Raw data:
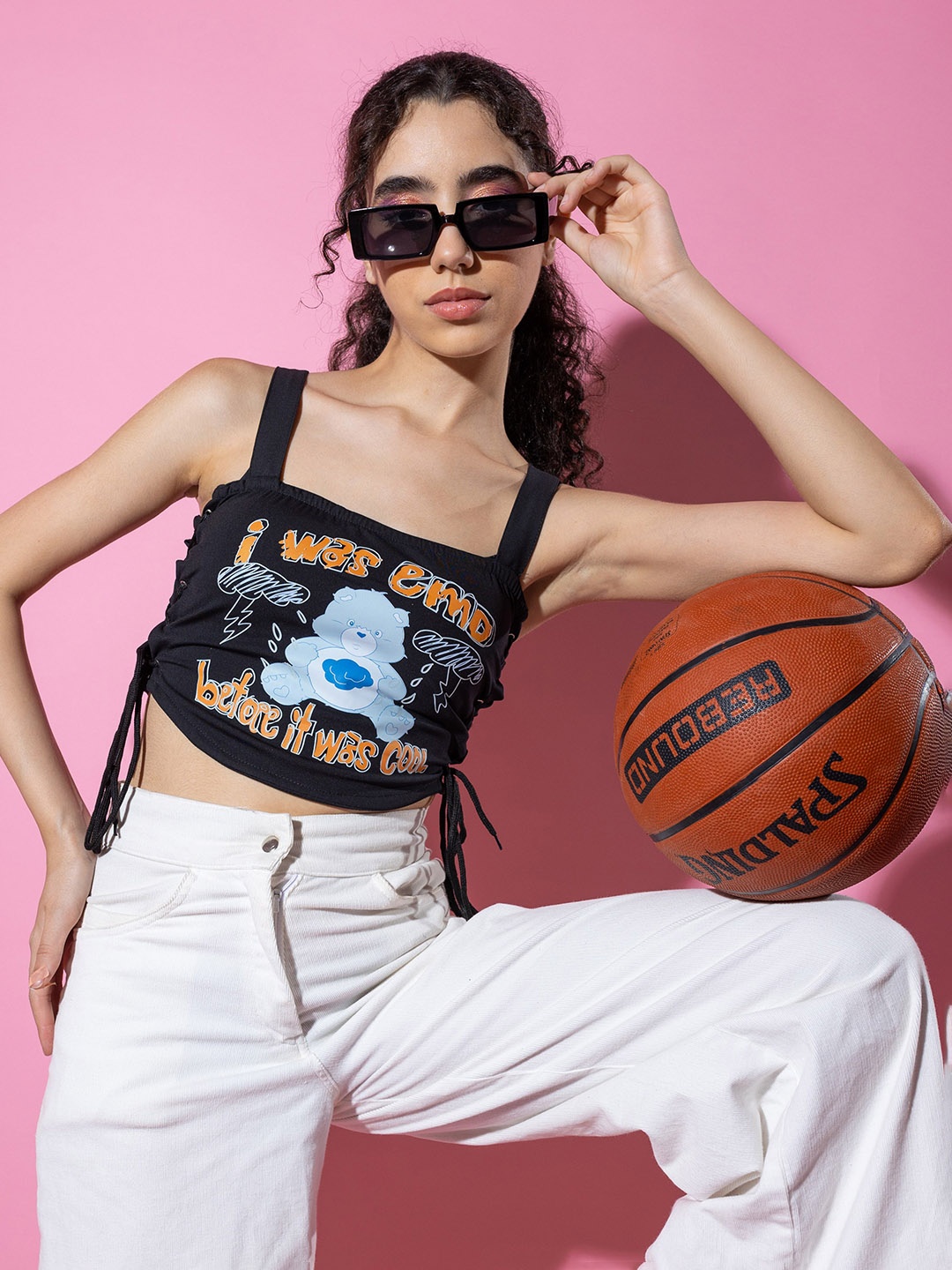 

Stylecast X Hersheinbox Black Graphic Printed Ruched Crop Top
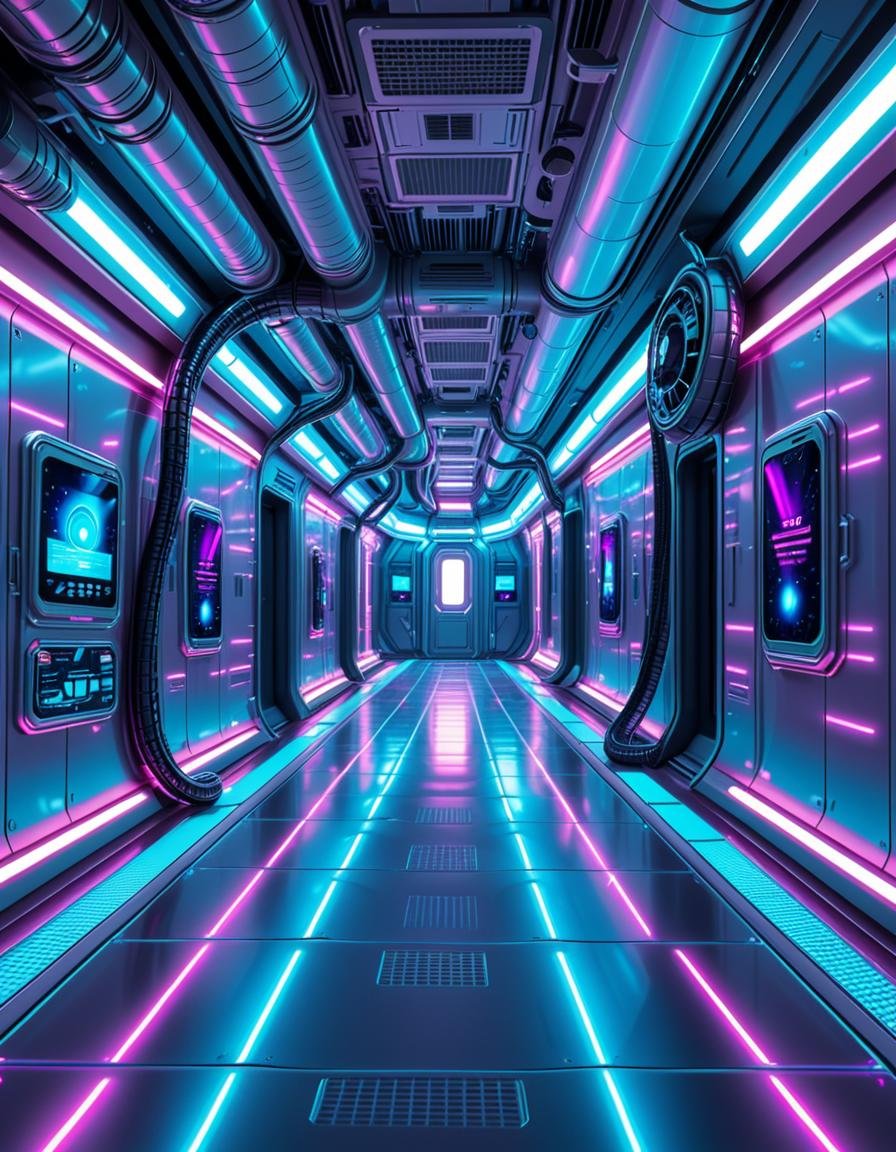 A highly detailed futuristic spaceship corridor,  illuminated by soft neon blue and purple lights. The walls are made of s...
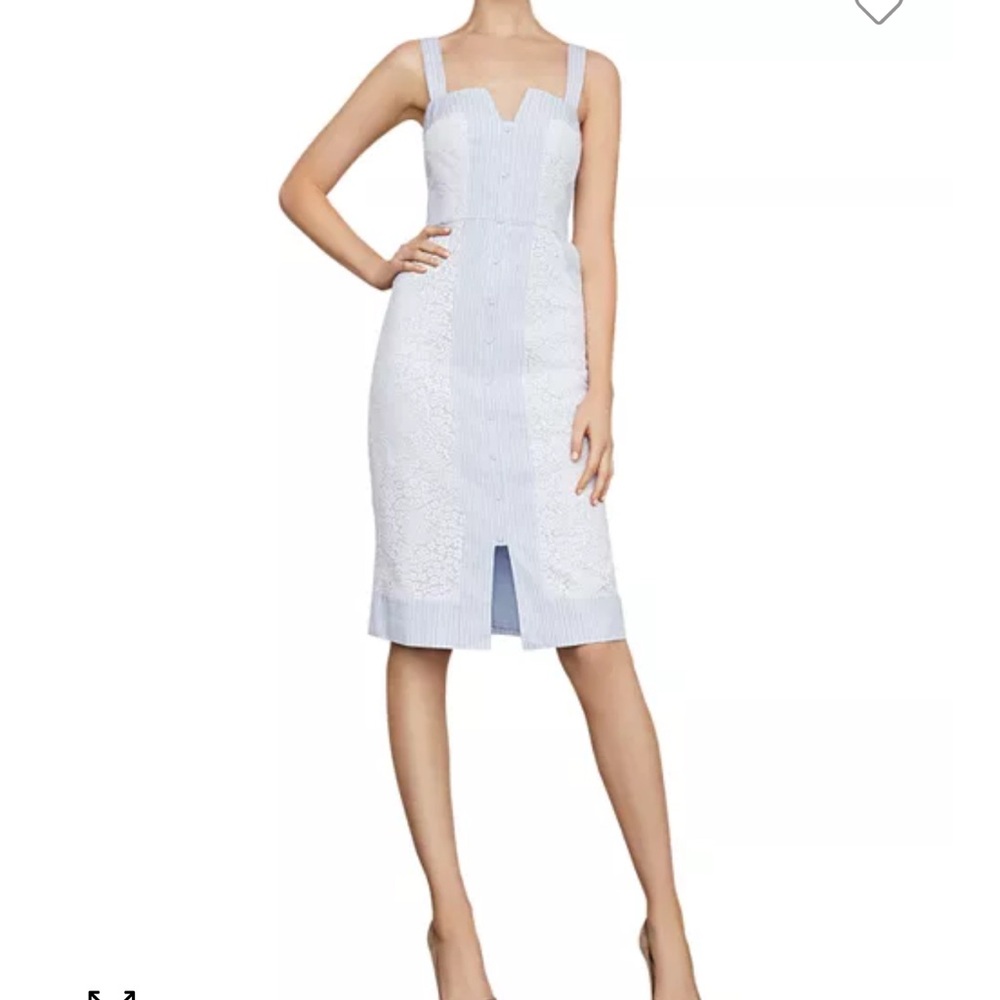 BCBGMAXAZRIA Lace-Inset Striped Dress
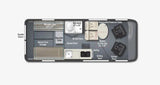 This RV rental floor plan provides an overhead view of the interior, detailing the bed, wet bath, kitchen, and dining areas.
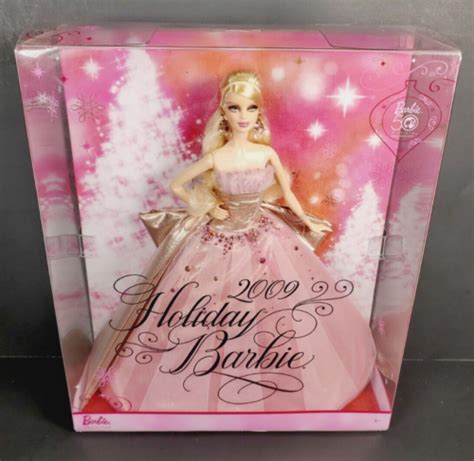 new 2009 holiday barbie doll blonde pink dress 50 year anniversary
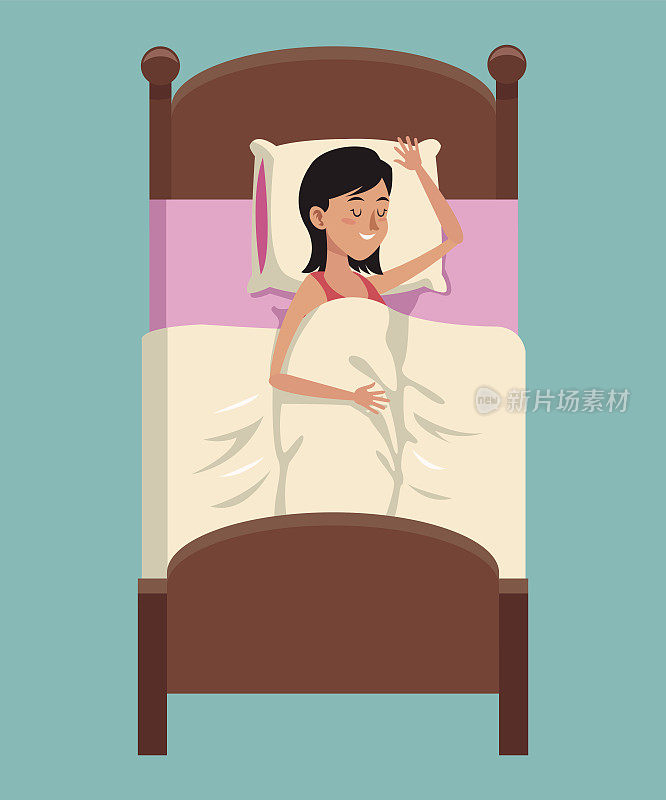 卡通女子平静地睡在床上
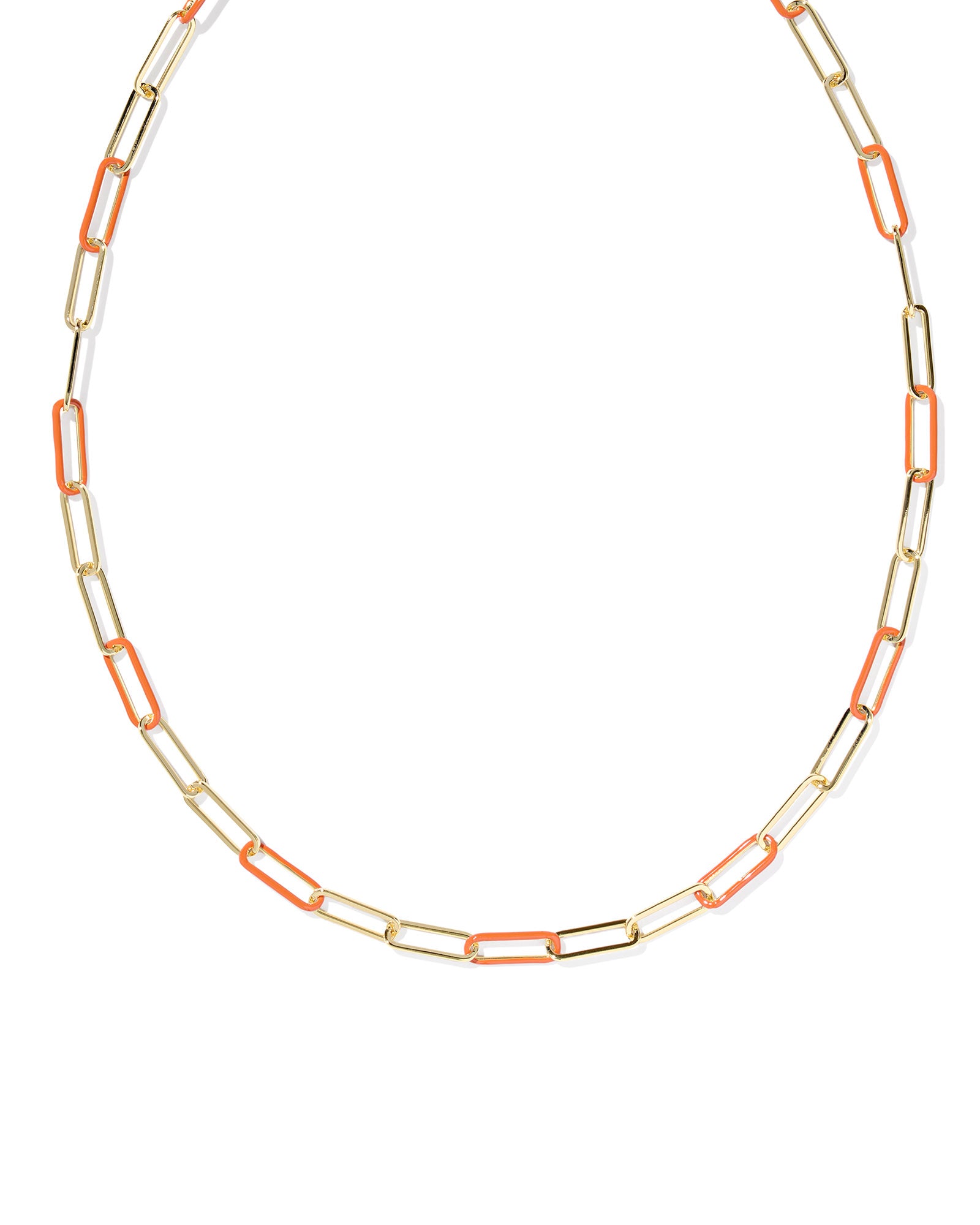 Ainsley Convertible Chain Necklace in Gold Dark Orange Enamel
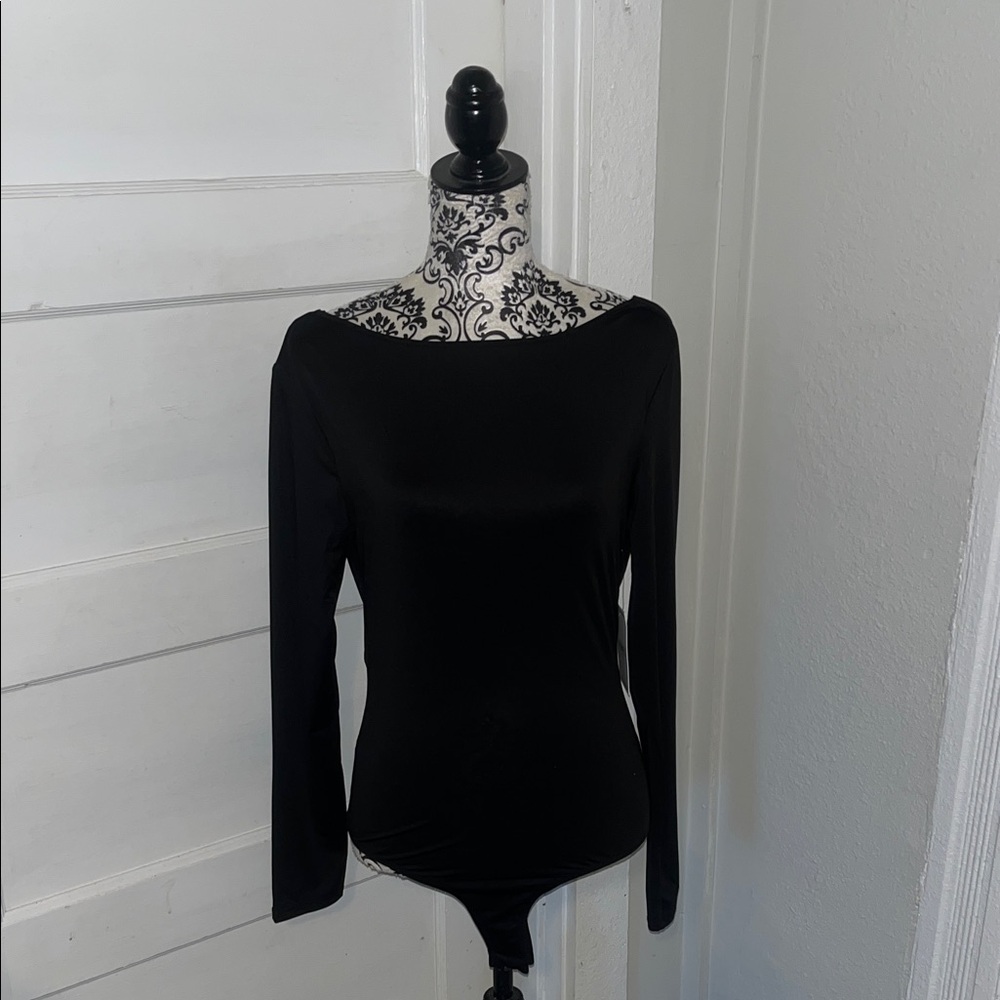 Elegant Black Long Sleeve Bodysuit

Prompt: Please set down, exactly and with no pictures, the lines in the entries above starting at the one holding "This RV rental" and ending at the one holding "Ainsley Convertible Chain", ends included.

Exercise response:
 This RV rental floor plan provides an overhead view of the interior, detailing the bed, wet bath, kitchen, and dining areas.
 new 2009 holiday barbie doll blonde pink dress 50 year anniversary
 卡通女子平静地睡在床上
 Ainsley Convertible Chain Necklace in Gold Dark Orange Enamel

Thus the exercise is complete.